- Exercise brief
Everything from the line with "Une pièce avec" to the end of the data below, both lines included, should be transcribed exactly; please omit the pictures.

··· Given information ···

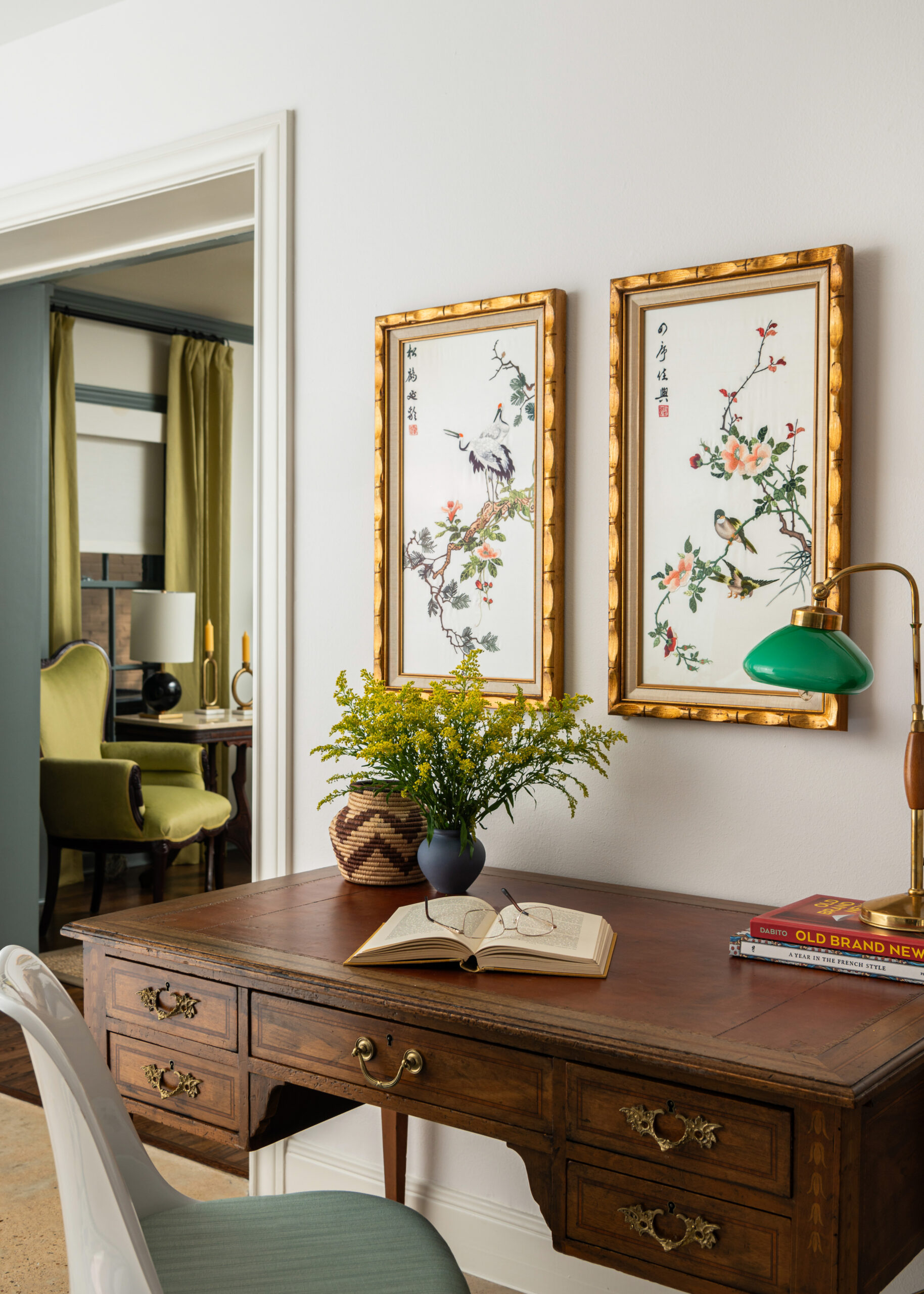 Interior design and photography capture traditional design elements and green hues in a stylish workspace with artwork and plants.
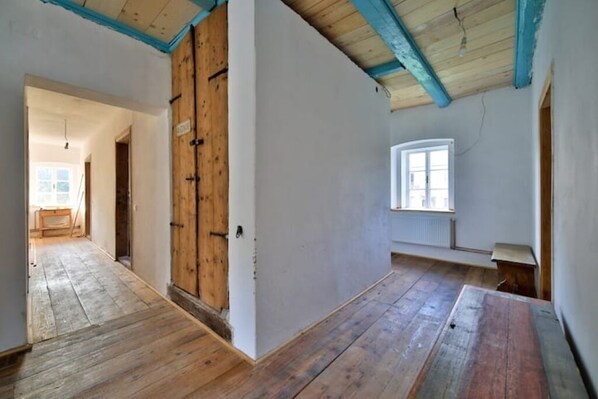 Une pièce avec un plancher en bois, une grande porte en bois et une fenêtre.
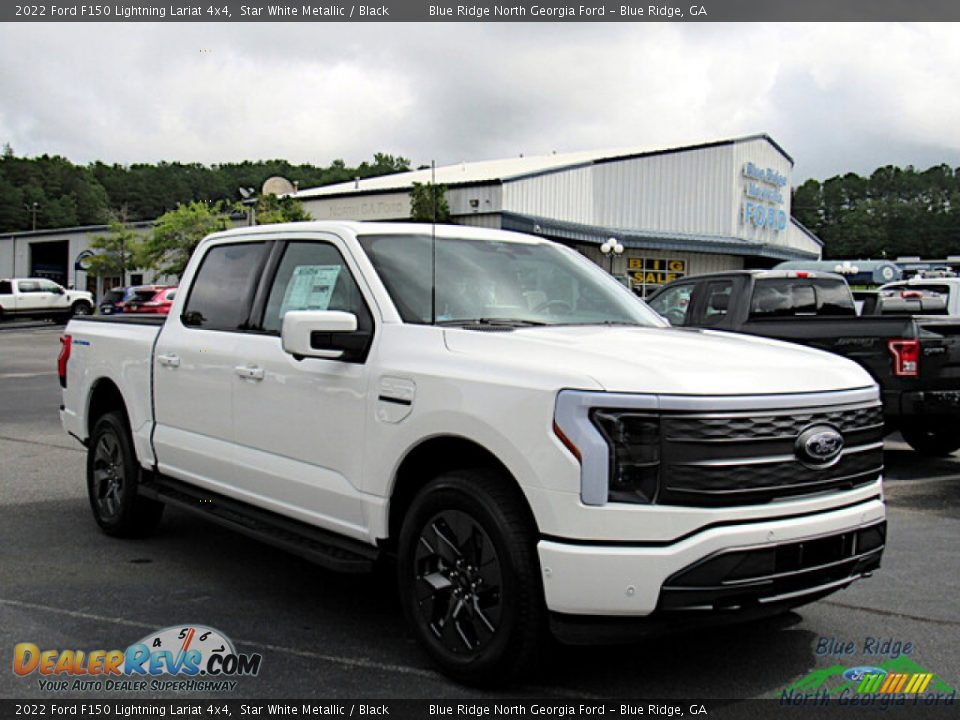 Front 3/4 View of 2022 Ford F150 Lightning Lariat 4x4 Photo #7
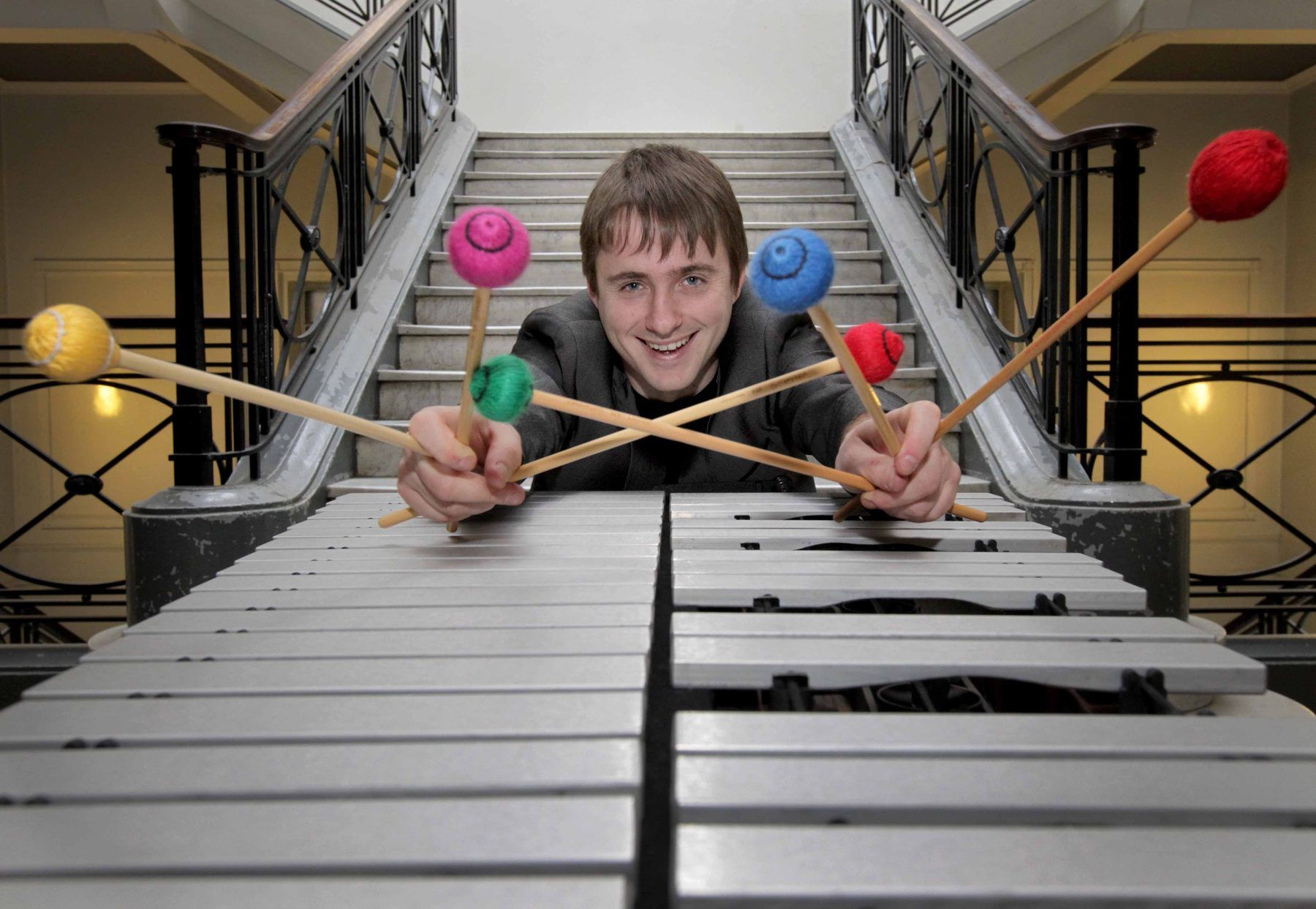 Alex Petcu holding brightly coloured mallets over a vibraphone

···

- Output for this task
 Une pièce avec un plancher en bois, une grande porte en bois et une fenêtre.
 Front 3/4 View of 2022 Ford F150 Lightning Lariat 4x4 Photo #7
 Alex Petcu holding brightly coloured mallets over a vibraphone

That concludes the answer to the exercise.